Assignment: Your output should be the records below, word for word and picture-free.
Start of Task material
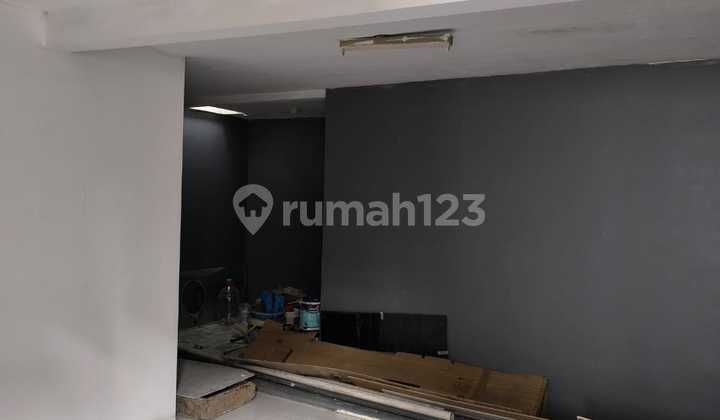 Comfortable 2-Story Hommey House in Setra Duta 2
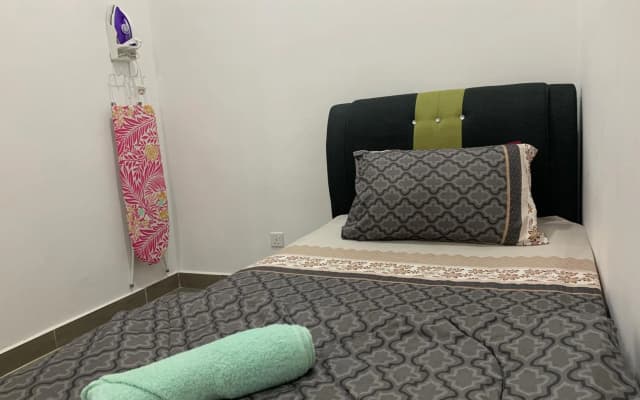Lovely 2-BR service apartment with pool (melur @ troikaKB) - photo 4
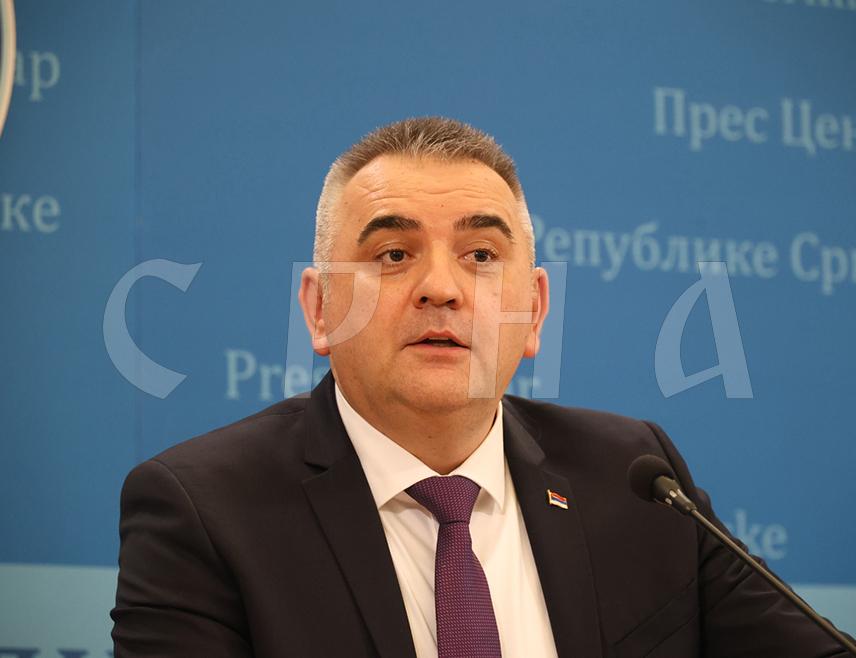 БАЊАЛУКА, 15. ЈАНУАРА /СРНА/ - Предсједник Владе Републике Српске Саво Минић изјавио је да ће тражити да што прије крену процедуре након што је данас вратио мандат да се не би остављало простора за било какве инсинуације.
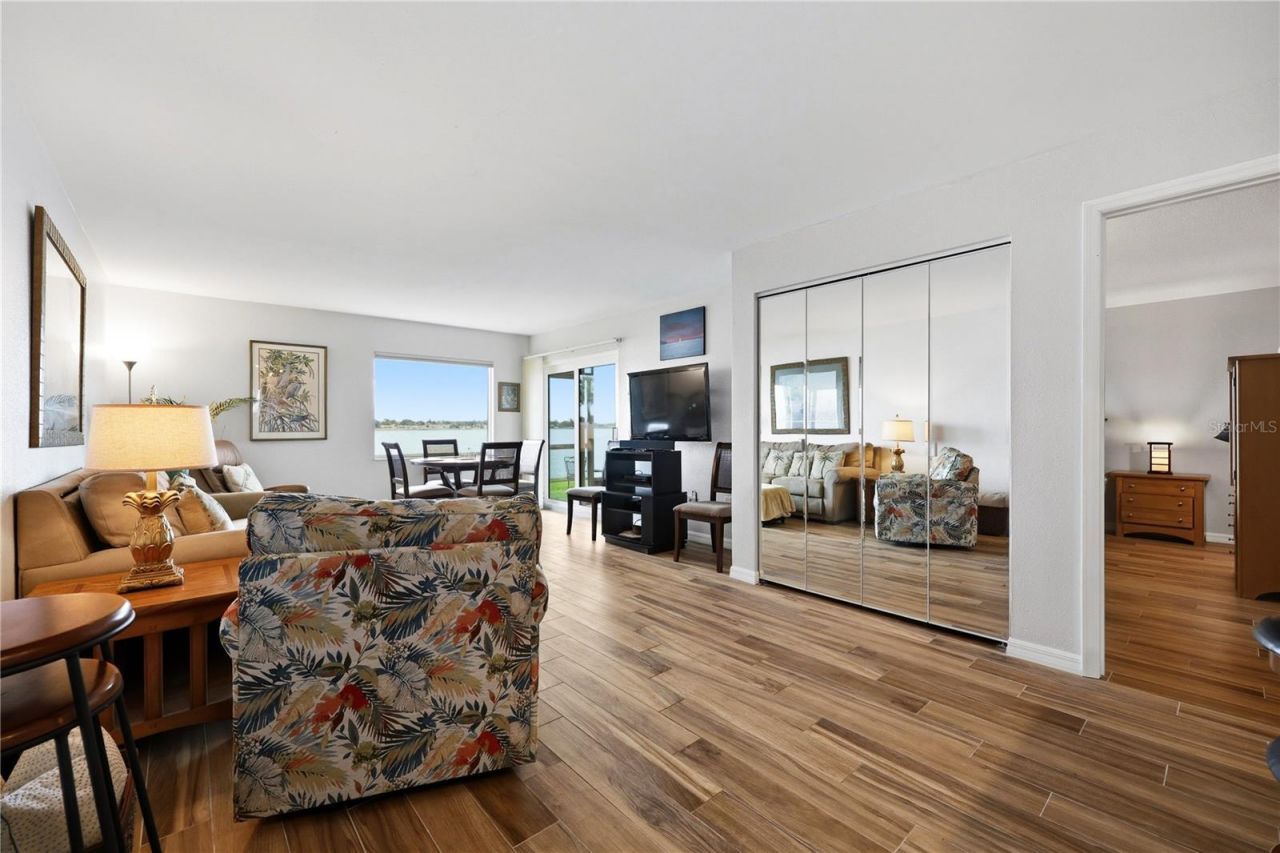 7400 Sunshine Skyway Lane S, Unit 111, Saint Petersburg, FL 33711 Photo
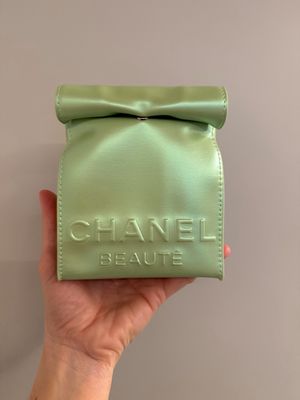 NECESSAIRE CHANEL VERDE PASTELLO PERLATO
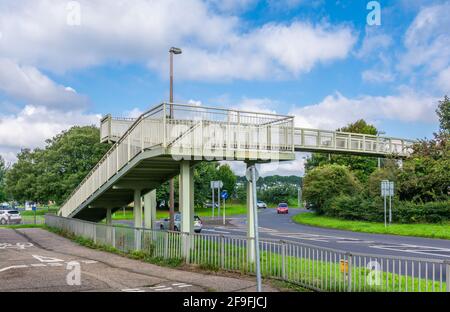 Fußgängerbrücke über eine Hauptstraße (A259) in England, Großbritannien. Stockfoto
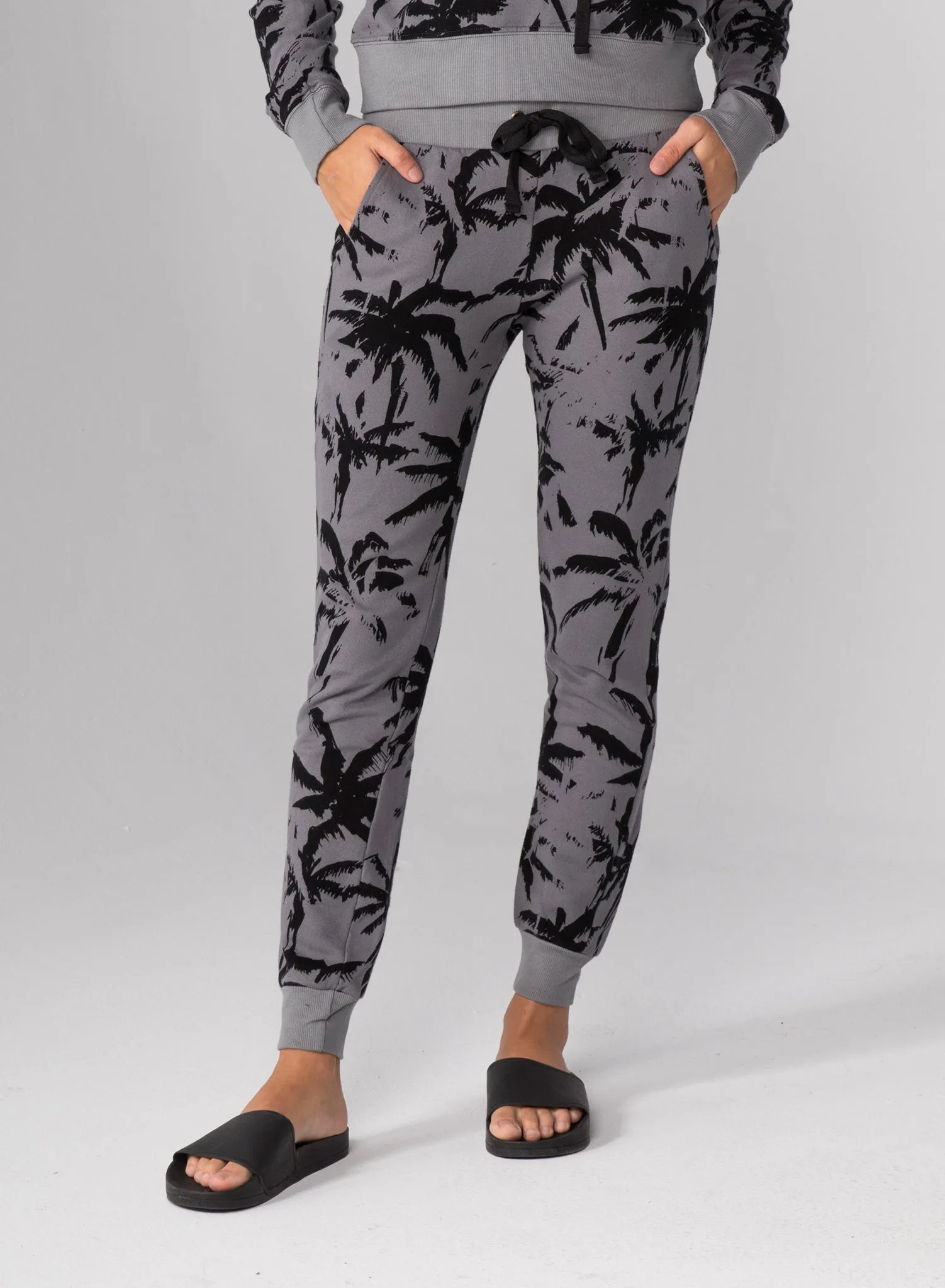 RNBW PALM TREES - Flat Pocket Sweatpants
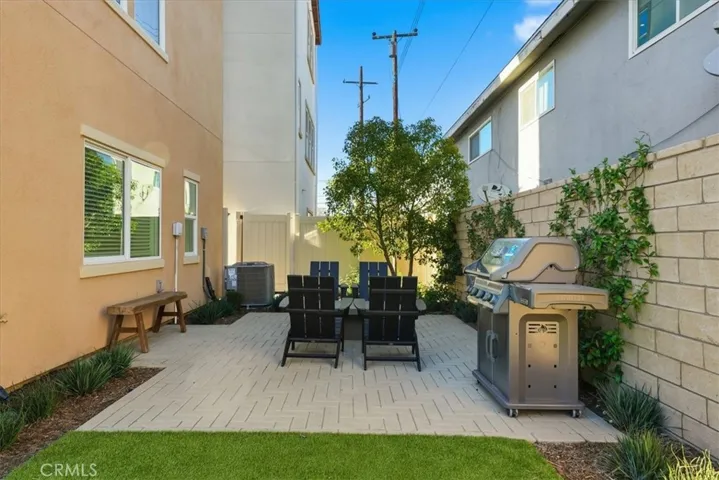 PHOTOS ARE OF MODEL MATCH. EXTERIOR AND INTERIOR FINISHES MAY VARY.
End of Task material
Output of the task:
 Comfortable 2-Story Hommey House in Setra Duta 2
Lovely 2-BR service apartment with pool (melur @ troikaKB) - photo 4
 БАЊАЛУКА, 15. ЈАНУАРА /СРНА/ - Предсједник Владе Републике Српске Саво Минић изјавио је да ће тражити да што прије крену процедуре након што је данас вратио мандат да се не би остављало простора за било какве инсинуације.
 7400 Sunshine Skyway Lane S, Unit 111, Saint Petersburg, FL 33711 Photo
 NECESSAIRE CHANEL VERDE PASTELLO PERLATO
 Fußgängerbrücke über eine Hauptstraße (A259) in England, Großbritannien. Stockfoto
 RNBW PALM TREES - Flat Pocket Sweatpants
 PHOTOS ARE OF MODEL MATCH. EXTERIOR AND INTERIOR FINISHES MAY VARY.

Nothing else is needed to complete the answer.